__Input data__

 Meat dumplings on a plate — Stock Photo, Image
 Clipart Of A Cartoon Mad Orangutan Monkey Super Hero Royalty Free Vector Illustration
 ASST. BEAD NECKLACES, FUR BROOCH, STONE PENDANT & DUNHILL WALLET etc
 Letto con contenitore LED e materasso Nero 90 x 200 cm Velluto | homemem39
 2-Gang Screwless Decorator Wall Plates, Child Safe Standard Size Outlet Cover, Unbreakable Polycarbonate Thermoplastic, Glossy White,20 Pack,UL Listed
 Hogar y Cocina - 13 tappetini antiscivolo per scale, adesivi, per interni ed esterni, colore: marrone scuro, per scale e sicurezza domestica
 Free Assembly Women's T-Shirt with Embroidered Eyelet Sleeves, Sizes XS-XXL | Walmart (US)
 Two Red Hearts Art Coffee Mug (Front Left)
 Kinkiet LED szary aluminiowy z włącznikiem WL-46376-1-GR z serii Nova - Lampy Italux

__What you need to do__
Report how many lines of the data hold the string "Free"; give only the number.

__Answer box__
2